Con questo non intendo dire che debbano morire giovani. Ma la storia insegna che diversi percorsi avrebbero dovuto fermarsi molto prima del loro reale termine.

Non sto parlando di quegli autori che pubblicano un libro all’anno, affamati come sono dell’industria della visibilità, tra Social o tour letterari o solo di carta sporcata. Parlo proprio di quei libri dove non riconosci più l’autore che è stato, la sua grandezza.

Esistono diversi grandi autori che non lo sono più, ma lo sono stati.

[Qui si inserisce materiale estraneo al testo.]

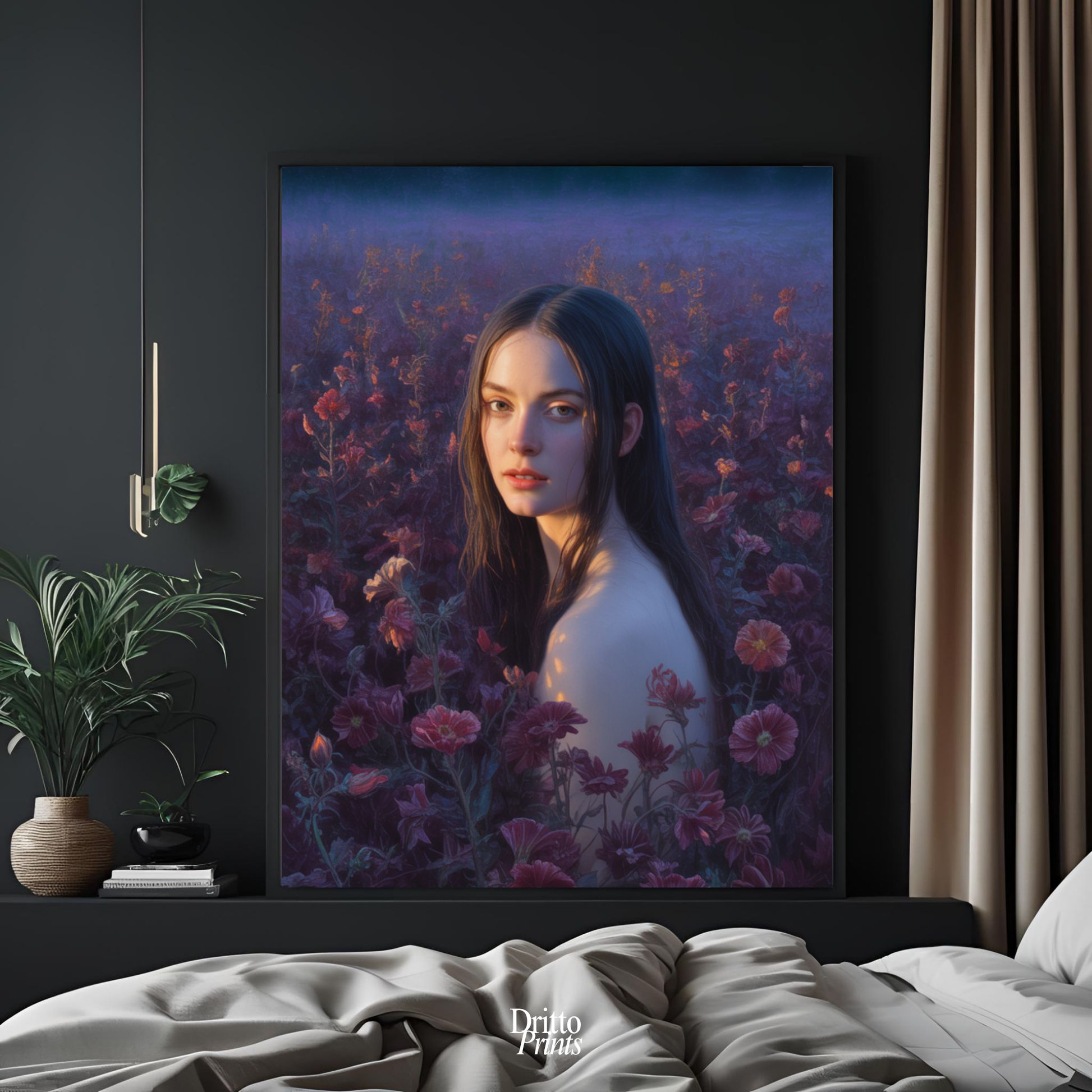 (FD21) Eclipsed in Bloom - Framed matte paper poster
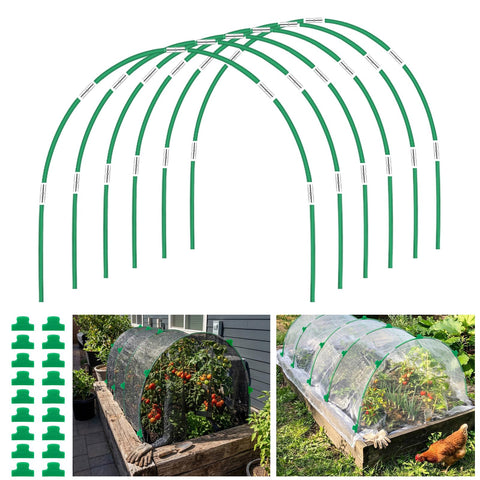 GOONMILL garden hoops with fiberglass core provide sturdy, splinter-free support for raised beds.
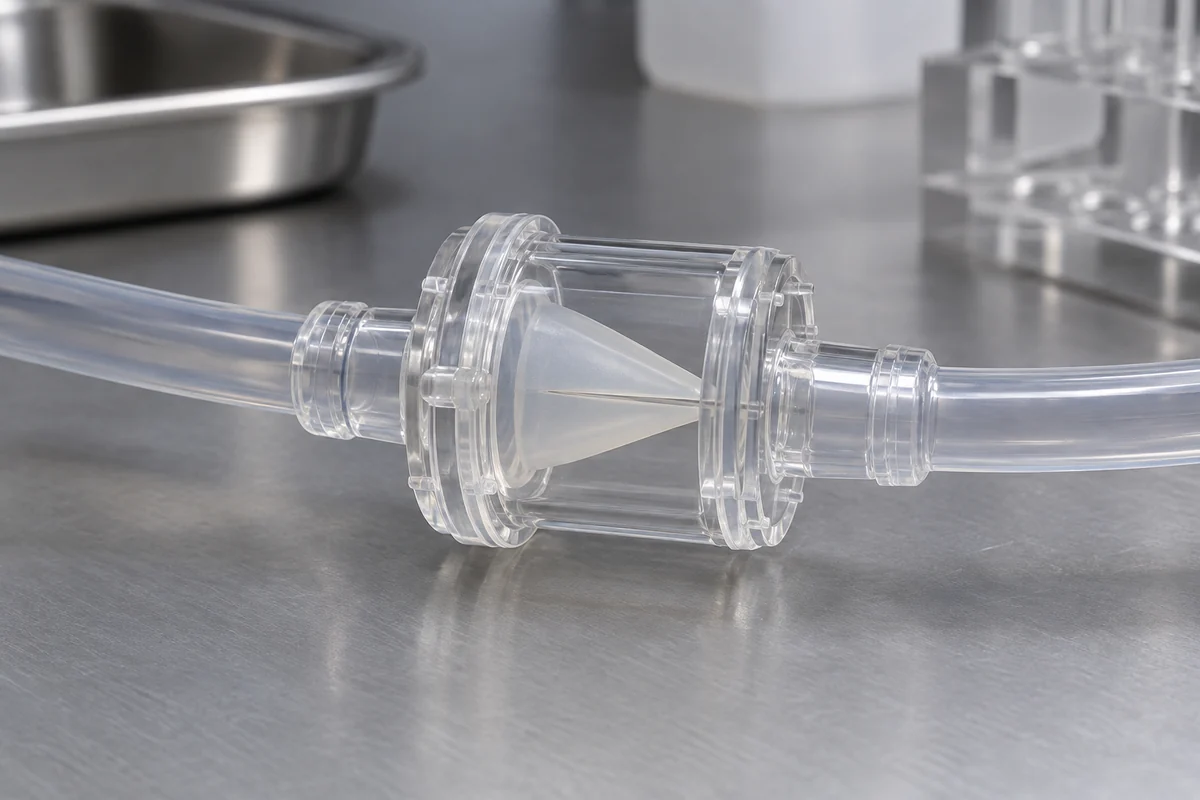 Silicone duckbill component inside a clear inline housing connected to tubing
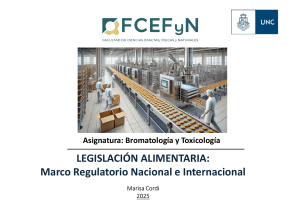Legislaci&oacute;n Alimentaria: Marco Nacional e Internacional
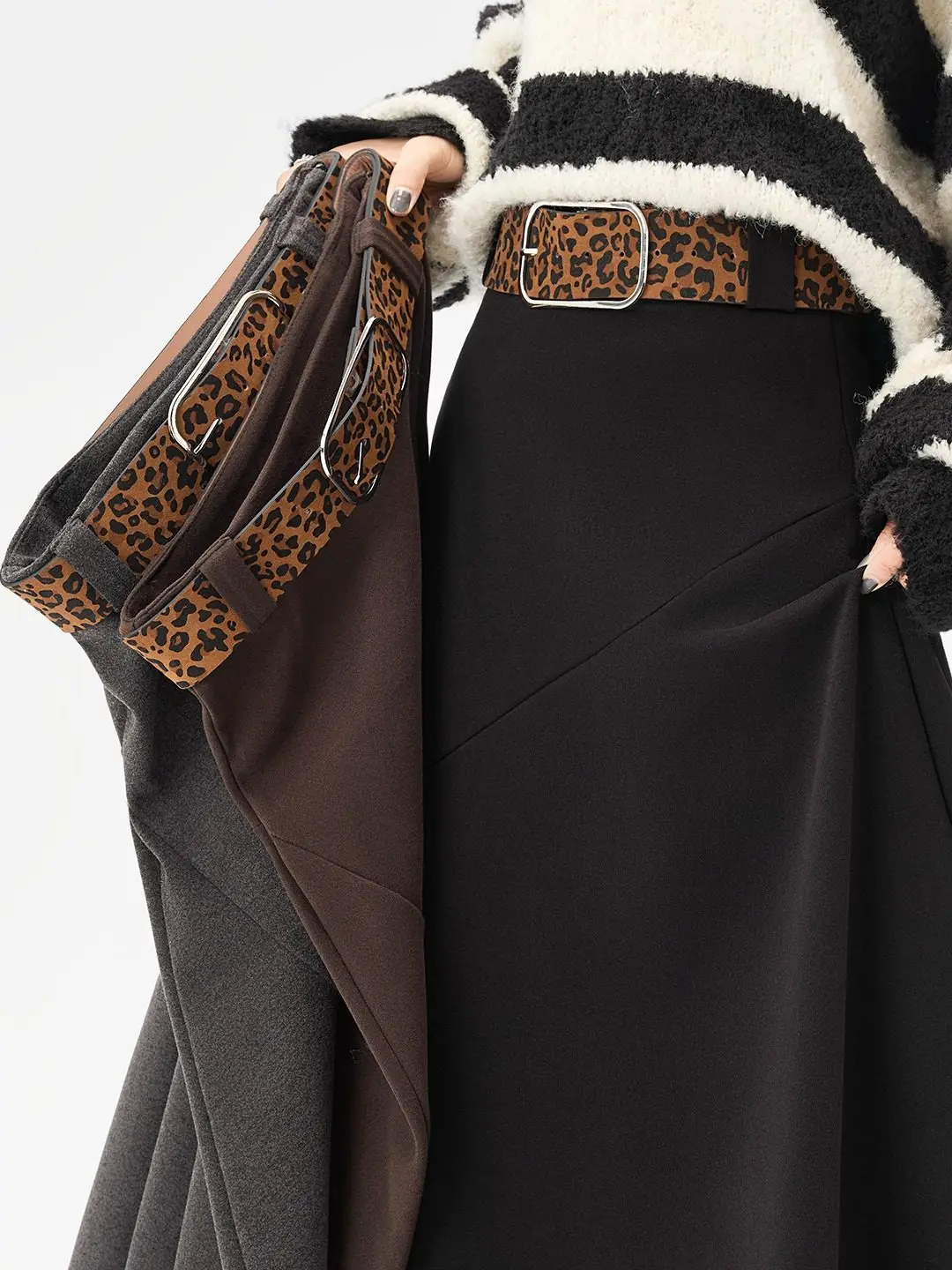 Gonna longuette a trapezio a vita alta da donna in lana invernale New Sle dimagrante versatile gonna ombrello drappeggiata adatta ai pendolari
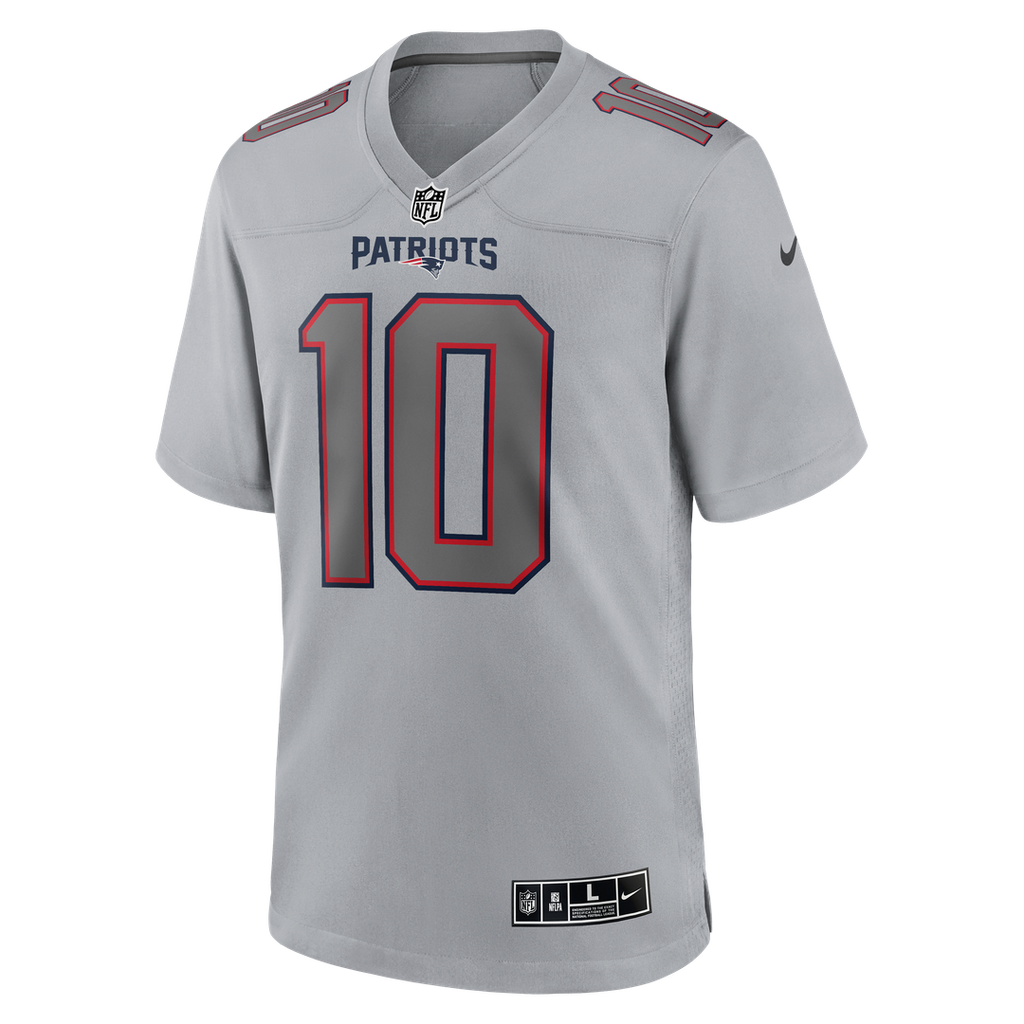 New England Patriots Drake Maye Nike Gray Atmosphere Fashion Game Jersey product image 2, provided for visual reference and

Questo provoca grande tristezza.

Alessandro Canzian

 
 

*

 
 
Supplica a mia madre
 
È difficile dire con parole di figlio
ciò a cui nel cuore ben poco assomiglio.
Tu sei la sola al mondo che sa, del mio cuore,
ciò che è stato sempre, prima d’ogni altro amore.
Per questo devo dirti ciò ch’è orrendo conoscere:
è dentro la tua grazia che nasce la mia angoscia.
Sei insostituibile. Per questo è dannata
alla solitudine la vita che mi hai data.
E non voglio esser solo. Ho un’infinita fame
d’amore, dell’amore di corpi senza anima.
Perché l’anima è in te, sei tu, ma tu
sei mia madre e il tuo amore è la mia schiavitù:
ho passato l’infanzia schiavo di questo senso
alto, irrimediabile, di un impegno immenso.
Era l’unico modo per sentire la vita,
l’unica tinta, l’unica forma: ora è finita.
Sopravviviamo: ed è la confusione
di una vita rinata fuori dalla ragione.
Ti supplico, ah, ti supplico: non voler morire.